Problem statement
Required from the data below: the exact lines starting at the line containing "Glückwunsch zum Geburtstag, Freund" and ending at the line containing "2002 Microsoft Windows", with both ends kept and all pictures dropped.

Supplied information
***

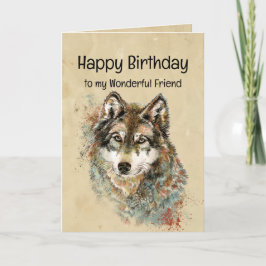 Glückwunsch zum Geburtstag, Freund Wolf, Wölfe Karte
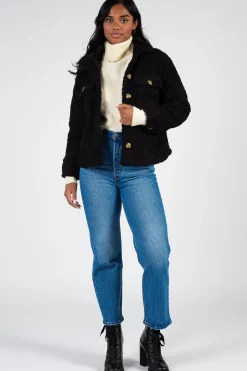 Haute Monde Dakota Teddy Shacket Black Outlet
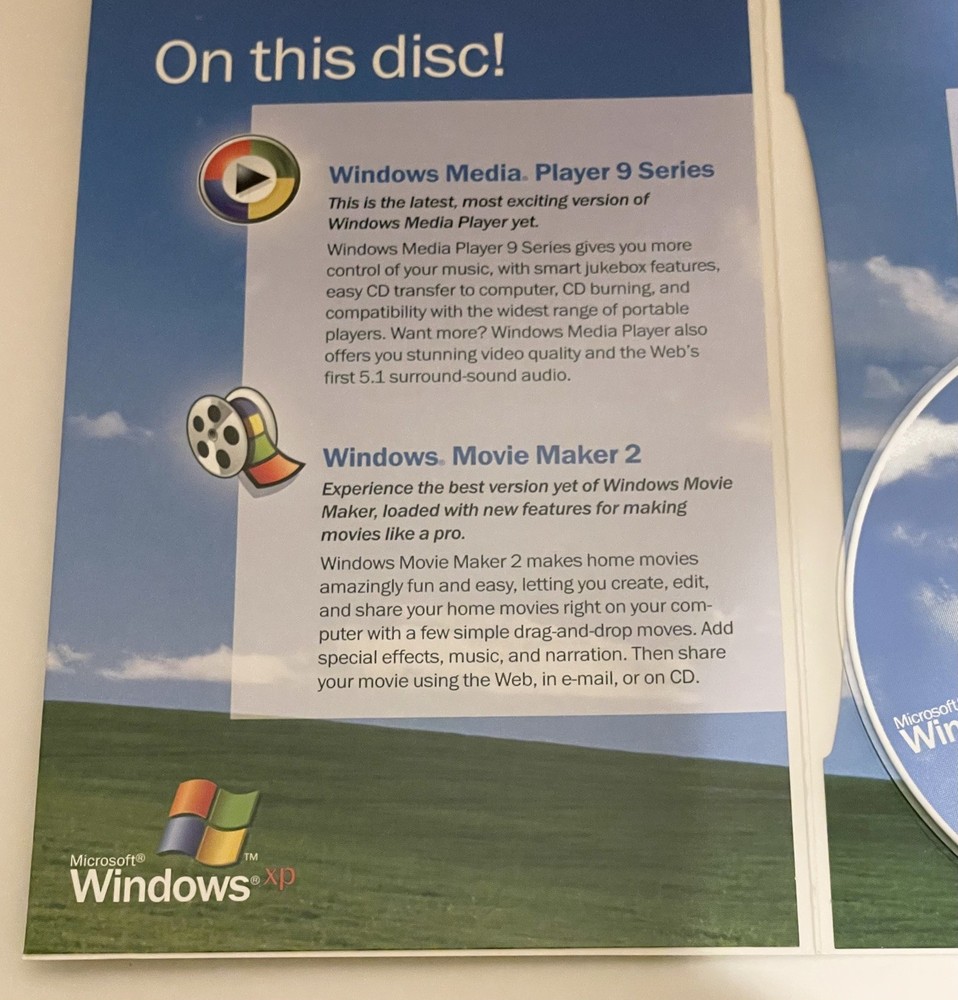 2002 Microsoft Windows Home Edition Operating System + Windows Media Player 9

***

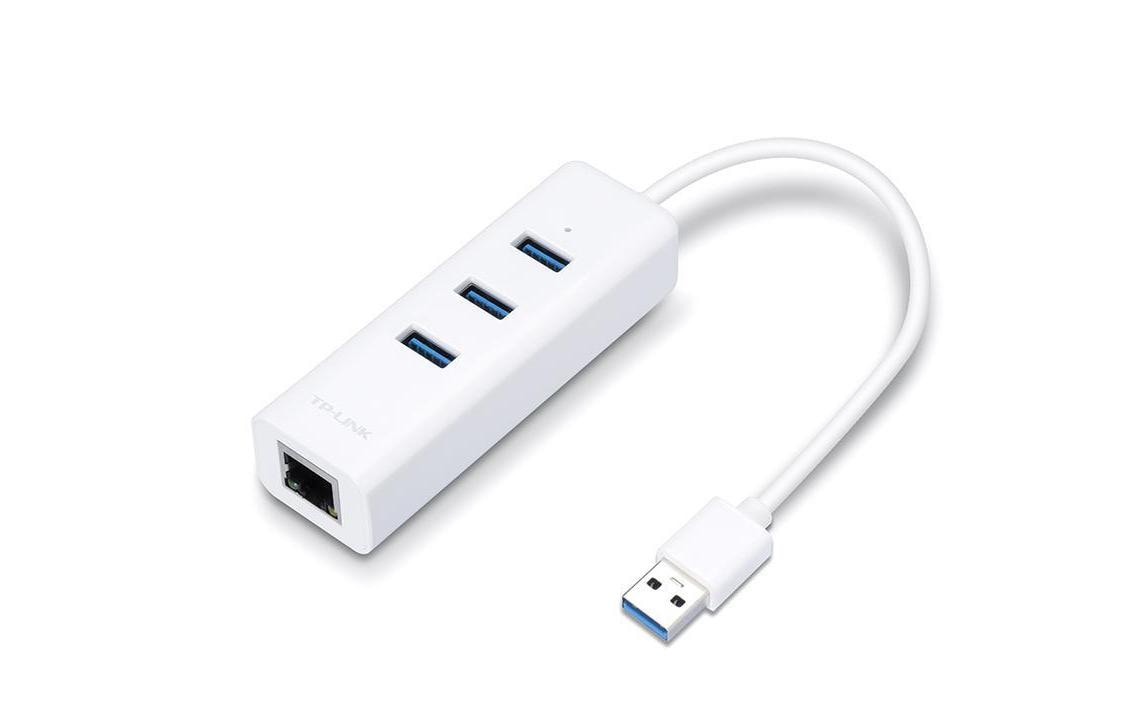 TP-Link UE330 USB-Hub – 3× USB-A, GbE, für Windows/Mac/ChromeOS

***

Solution to this task
 Glückwunsch zum Geburtstag, Freund Wolf, Wölfe Karte
 Haute Monde Dakota Teddy Shacket Black Outlet
 2002 Microsoft Windows Home Edition Operating System + Windows Media Player 9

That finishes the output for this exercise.